Saint Cecilia

Flowers for St. Cecilia

Back to Flower Festival

Cecilia, a virgin of a senatorial family and a Christian from her infancy, was married by her parents to a noble pagan youth Valerianus. When the couple had retired to the wedding-chamber, Cecilia told Valerianus that she was betrothed to an angel who jealously guarded her body; therefore Valerianus must not violate her virginity. Valerianus wished to see the angel, whereupon Cecilia sent him to the third milestone on the Via Appia where he should meet Pope Urbanus. Valerianus obeyed, was baptized by the pope, and returned a Christian to Cecilia. An angel then appeared to them and crowned them with roses and lilies. Tiburtius, the brother of Valerianus, was also won over to Christianity. The brothers distributed rich alms and buried the bodies of the confessors who had died for Christ.

The prefect, Turcius Almachius, condemned them to death; an officer of the prefect, Maximus, appointed to execute this sentence, was himself converted and suffered martyrdom with the two brothers. Their remains were buried in one tomb by Cecilia.

Then Cecilia herself was sought by the officers of the prefect. Before she was taken prisoner, she arranged that her house should be preserved as a place of worship for the Roman Church. After a profession of faith, she was condemned to be suffocated in the bath of her own house. As she remained unhurt in the overheated room, the prefect had her decapitated there. The executioner let his sword fall three times without separating the head from the trunk, and fled, leaving the virgin bathed in her own blood. She lived three days, made dispositions in favour of the poor, and provided that after her death her house should be dedicated as a church.

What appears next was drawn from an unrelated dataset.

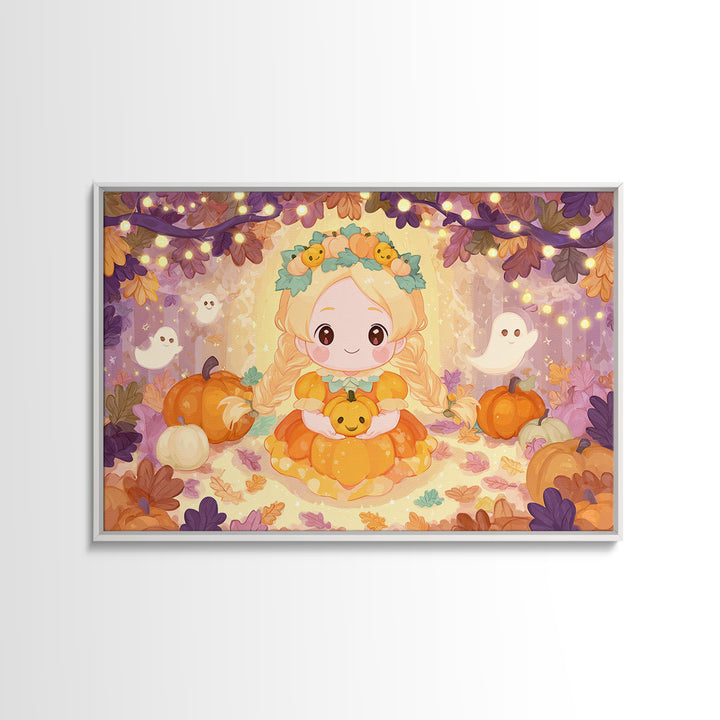 The Pumpkin Princess, Whimsical Halloween Art, Landscape Wall Art, Canvas Print, Halloween Kids Decor, Whimsical Wall Art, Horror Wall Art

Urbanus buried her among the bishops and the confessors, i.e. in the Catacomb of Callistus.

The time when Cecilia suffered martyrdom is not known. The only time-indication is the position of the tomb in the Catacomb of Callistus, in the immediate proximity of the ancient crypt of the Popes, in which Urbanus probably was buried.

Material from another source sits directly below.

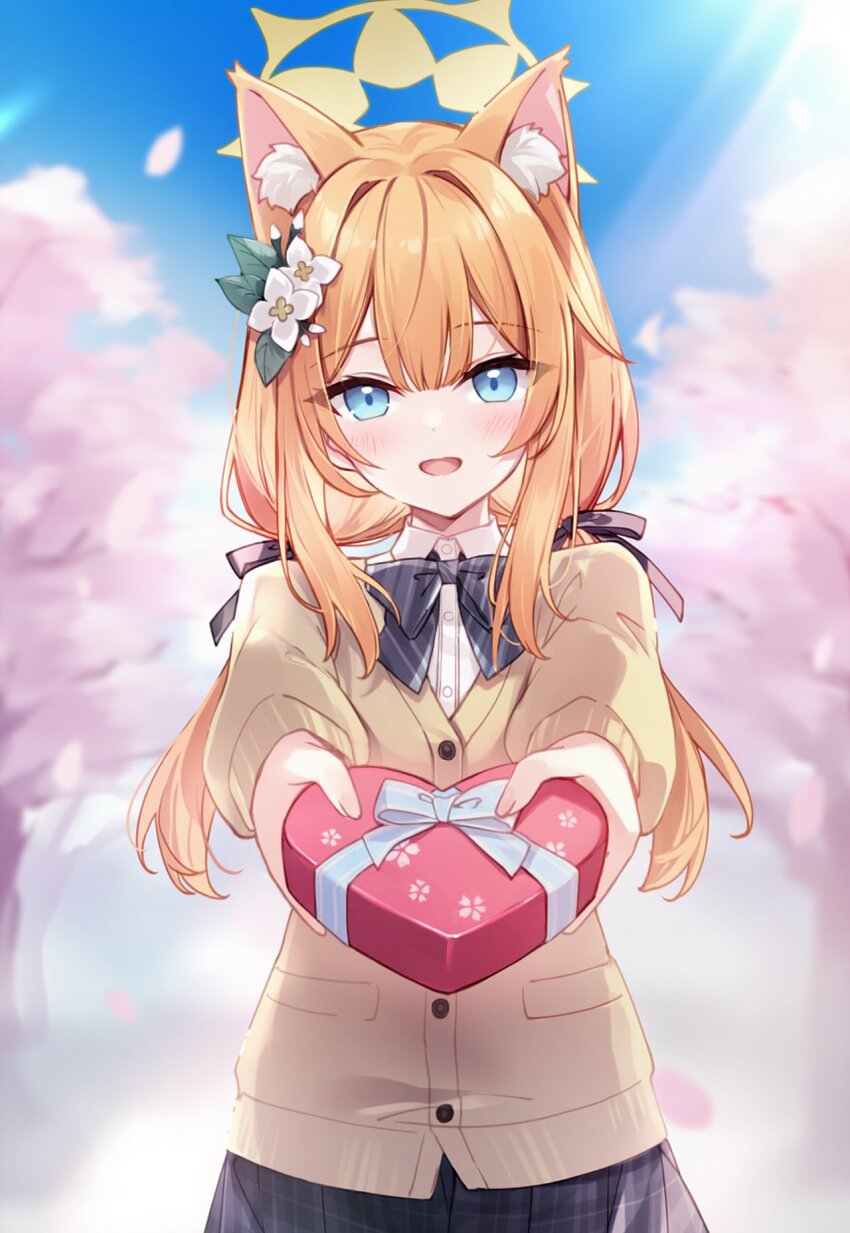 1girl animal_ear_fluff animal_ears blue_archive blue_eyes blush bow box box_of_chocolates cardigan cat_ears female_focus flower gift hair_flower hair_ornament hair_ribbon halo highres looking_at_viewer low_twintails mari_(blue_archive) open_mouth orange_hair outdoors plaid_clothes plaid_skirt pleated_skirt ribbon school_uniform skirt sola41723 twintails valentine yellow_halo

The oldest representations of St. Cecilia show her either with the crown of martyrdom in her hand or in the attitude of prayer. In the apse of her church in Trastevere is still preserved the mosaic made under Pope Paschal, wherein she is represented in rich garments as patroness of the pope.

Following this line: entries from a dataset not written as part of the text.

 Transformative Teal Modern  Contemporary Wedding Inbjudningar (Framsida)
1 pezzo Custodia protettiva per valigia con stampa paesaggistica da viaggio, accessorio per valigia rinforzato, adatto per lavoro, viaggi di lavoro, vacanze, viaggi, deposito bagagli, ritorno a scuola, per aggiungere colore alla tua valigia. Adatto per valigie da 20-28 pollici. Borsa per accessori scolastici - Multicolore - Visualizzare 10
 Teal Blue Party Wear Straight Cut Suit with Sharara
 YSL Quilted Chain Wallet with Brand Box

Since the fourteenth and fifteenth centuries she is represented as playing on the organ, evidently to express what was often attributed to her; that while the musicians played at her nuptials she sang in her heart to God only. Possibly the cantantibus organis was erroneously interpreted as Cecilia herself as the organist. In this way the saint associated with music. When the Academy of Music was founded at Rome (1584) she was made patroness, whereupon her veneration as patroness of church music in general became still more universal.

Her feast is celebrated in the Latin and the Greek Church on 22 November.